И все-таки человек слишком явно отличается от других живых существ, чтобы это отличие можно было напрочь игнорировать даже в эпоху тотемизма и зарождения древнейших идеалистических религиозных мировоззрений. Но чем? Прежде всего речью! Видимо, отсюда берет начало представление о том, что речь возникла как средство компенсации некогда “потерянной” формирующимися людьми способности передавать мысли на расстояние без помощи слов, звуков, знаков.
Как же все это связать с процессом возникновения человека и человечества, о чем Ж. Майоль пишет главным образом в морфологическом аспекте, рассматривая столь полюбившуюся ему гипотезу водной обезьяны? В данной связи вспоминается книга буддийского монаха, венгра по национальности Оскара Киса Майерта “Начало было концом”, вышедшая на нескольких европейских языках. Ее ключевая идея заключается в том, что толчком к очеловечиванию обезьяны (как процессу, санкционированному “свыше”) послужило поедание ею мозга своих собратьев. Следствием данного процесса стало появление на Земле нового биологического вида, а “платой” за такого рода прогресс — утрата способности передачи мыслей на расстояние по каналам вселенского разума. У предковых обезьян, по утверждению О. Майерта, интербиологические звуки, реликты которых сохранились в виде общих для всех языков междометий, вокальных рефлекторных реакций испуга, ожога, опасности, удивления и т. п., служили сигналом для “настройки” мозга других особей на определенную, задаваемую “индуктором” волну. А дальше шла трансляция “картинных” образов (видимо, на уровне “пятен неопределенной формы”, характерных для “работы” правого, эволюционно более древнего полушария мозга современного человека) непосредственно из головы в голову. Разве это не напоминает майолевскую модель общения дельфинов между собой и дельфинихи Клоунессы с ним лично во время так романтично-трогательно описанных свиданий?

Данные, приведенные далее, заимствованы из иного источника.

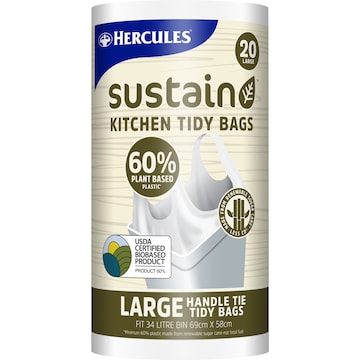 Hercules Sustain 50% Plant Based Kitchen Tidy Bag Large 20 pack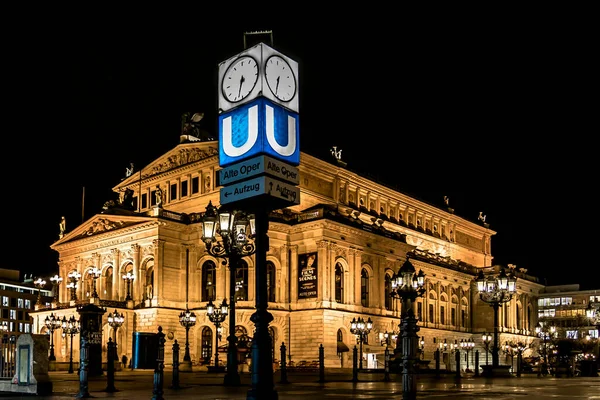 Alte Oper Frankfurt Main Abend Schönes Foto Des Historischen Gebäudes — Stockfoto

Диалектико-материалистическая концепция антропосоциогенеза выявила принципиальную обусловленность возникновения мышления и речи генезисом труда как орудийной, целенаправленной, коллективной деятельности и сознания в единстве его когнитивного и коммуникативного, чувственного и рационального аспектов.
Вместе с тем в современной научной картине этого процесса остались свои “белые пятна”, гипотезы, еще не получившие развернутой аргументации, тенденции, не нашедшие адекватного объяснения. В эти “разрывы” целостного естественнонаучного знания устремляются на поиски не только профессиональные ученые, но и непрофессиональные энтузиасты науки типа Ж. Майоля.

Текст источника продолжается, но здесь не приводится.